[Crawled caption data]

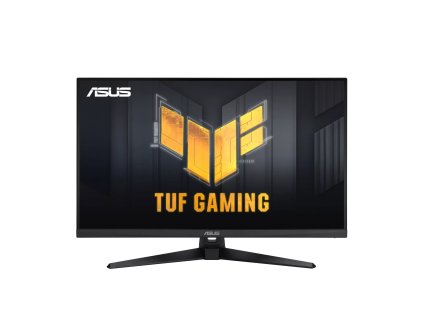 asus tuf gaming vg32aqa1a ien499052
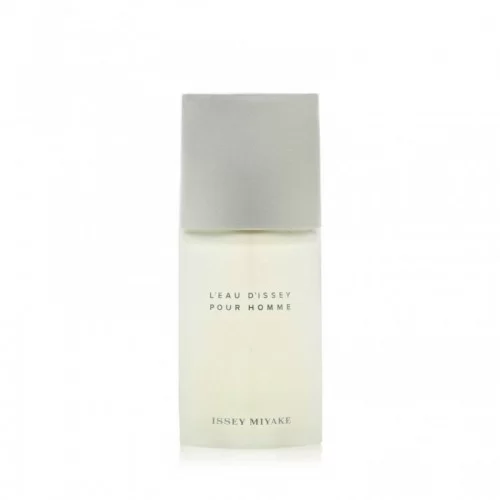 ایسی میاکی لئو د ایسی پوق اًم - لئو د ایسی پور هوم مردانه - ISSEY MIYAKE L`eau d`Issey Pour homme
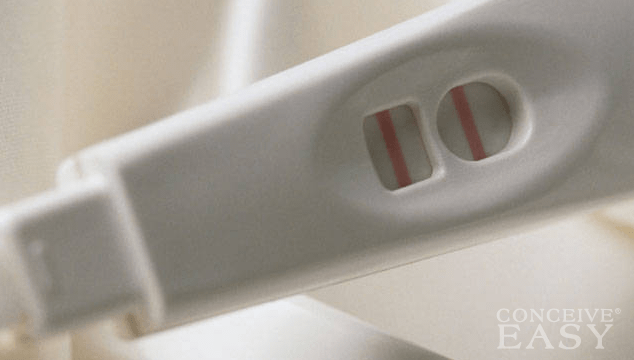 How Early Can You Find Out If Your Pregnant 102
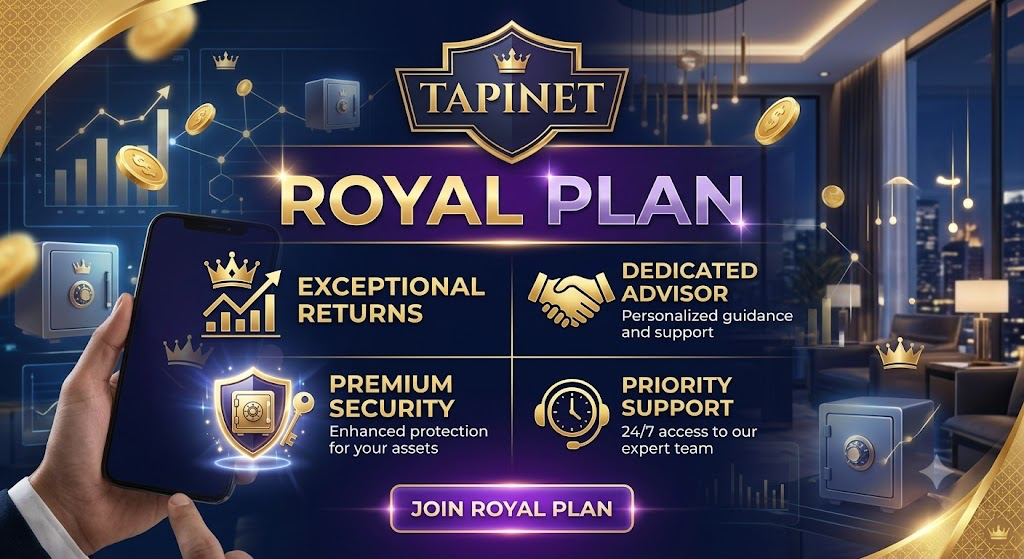 Royal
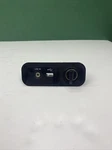 2015 Ford Mustang Front Usb 12v Input Unit Fr3b-63045m70-a Oem. Fixed Price $39.00.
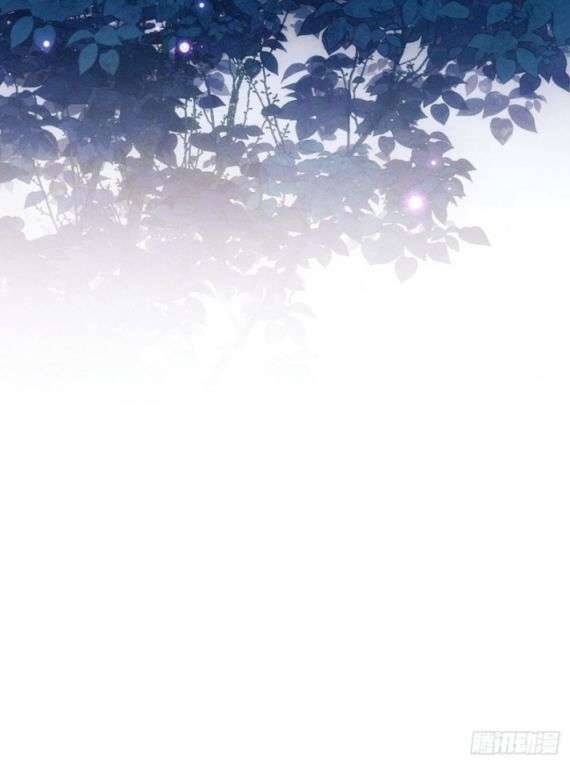 Tôi Hoài Nghi Ảnh Đế Đang Theo Đuổi Tôi Chapter 26 - Trang 57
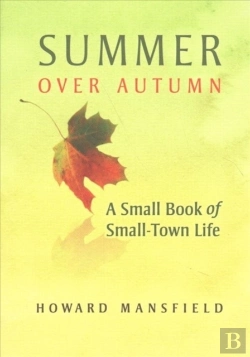 Bertrand.pt - Summer Over Autumn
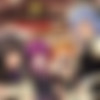 カスタムメイド3D2 / Custom Maid 3D2 / CM3D2 [1.73.1] (KISS) [uncen] [2015, SLG, Constructor, Management, 3D, Animation, BDSM, Harem, Maids, Anal, Vaginal, Blowjob, Group, Unity] [eng+rus] thumb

> _AIM OF THE EXERCISE_
Write out exactly the lines from the one containing "Tôi Hoài Nghi" through the end of the entries, both included. Pictures are not copied.

> _SOLUTION TO THIS TASK_
 Tôi Hoài Nghi Ảnh Đế Đang Theo Đuổi Tôi Chapter 26 - Trang 57
 Bertrand.pt - Summer Over Autumn
 カスタムメイド3D2 / Custom Maid 3D2 / CM3D2 [1.73.1] (KISS) [uncen] [2015, SLG, Constructor, Management, 3D, Animation, BDSM, Harem, Maids, Anal, Vaginal, Blowjob, Group, Unity] [eng+rus] thumb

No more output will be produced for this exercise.